El Duderino said: I like your style as well... Ok... guess I´ll have to lay down some family history... My grandma was born and lifed in nothern germany... when WWII started she was forced to work in a military factroy... after the war she met my grandfather, an american GI... his parents were german imigrants from Berlin but he was born in the USA... when he was a kid lots of other children called him a Nazi for being german... anyway my grandma went to the states with him and they got married... she spoke very little english at first... many of intolerant jews (but of course not all of them) noticed she was german and blamed her for what the Nazis had done... so both of my grandparents had been subject to racism at some point during their live because they were german... What I´m saying is: Anybody can be subjekt to racism... but fact is bad people do bad things... there is no such thing as a bad race... we need to get over the past and judge people individually, not by what other people of their race have done... Everything clear now ??? |
Clear as mud. You gave an honest example. THAT'S A REAL BIG STRETCH THERE. You also didn't mention what the intolerant Jews did. Was it name calling? Did they try to lynch her? Was her treatment any worse than the Vietnamese refugees by a certain group of red-blooded Americans who treated any Vietnamese person badly?
I can play the "we don't like you because of the war" card too. My Grandparents and father were locked up in a detention camp. They lost hundreds of acres of farmland. They were US citizens and they were illegally detained because of their race. There were plenty of Germans in America, they didn't lock them up. I wonder why? There's quite a bit of documented spying and sabotage committed by American citizens of German descent. Why weren't they considered a threat to be dealt with?
But hey dude, we're really just nitpicking and quibbling here. Yes, any group can be discriminated against. The big problem is institutionalized discrimination and racism or whatever you want to call it. And hand in hand with that is how race is viewed.
Racism basically comes down to one group of people thinking that another group of people is inferior because of their race.
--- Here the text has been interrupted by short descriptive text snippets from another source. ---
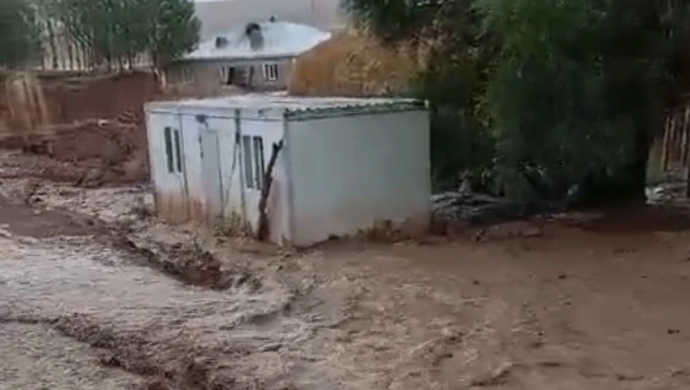Başkale’de sel nedeniyle evleri su bastı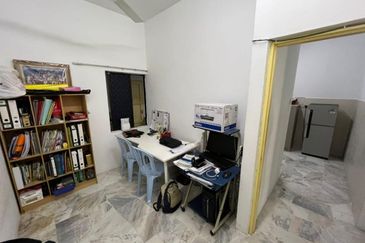 SL 6, Bandar Sungai Long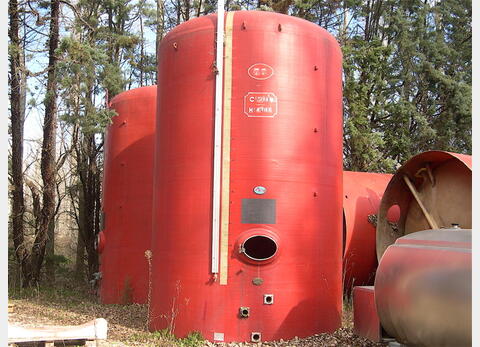 cuve stockage POLYESTER Agroalimentaire Fond bomb&eacute; sur jupe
You didn't mention any instances when someone treated you as if you were inferior because you're German. I don't know of any institutionalized racist practices directed toward Germans in the USA. Dude, there are institutionalized practices, in business and law enforcement, directed towards other races.
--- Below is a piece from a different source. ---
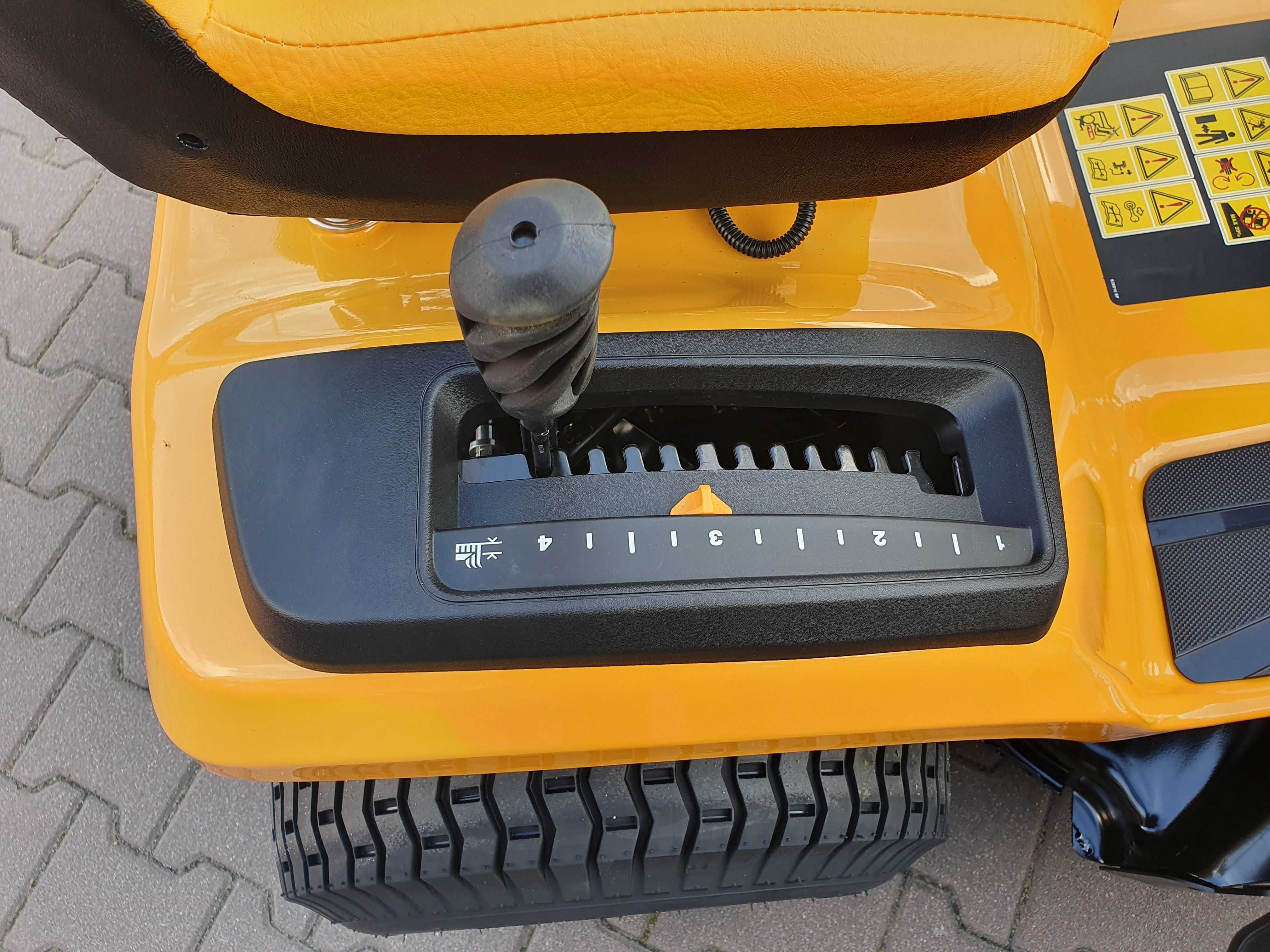 Traktor ogrodowy sadowniczy do trawy Cub Cadet Kawasaki XT2 18HP pompa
You really can't tell someone "Get over it" because of something that happened to your grandmother. Why? Sure there are bad people everywhere. It's all around. But seriously, it's like by using your standard the SS was just a bunch of bad individuals and individually they did bad things. Well that's true, but you it would seem to be that you’re purposefully ignoring the fact that the SS was an organization with an agenda within an institution that represented the German people.
Maybe we just see it different ways. It's very easy as an "AMERICAN" to be discriminated against in many parts of the world but I find that hard to call "racism". But I get the idea that you might call it racism if for example some loud Americans sat down in a Bistro in Paris... and never got served. In fact, I think the waiters refused to talk to them even though one of the "AMERICANS" could speak French. Last time I checked, Americans aren't a race.
Really, let's talk about racism. It seems to me that people are confusing racism with prejudice and bigotry. They are different things.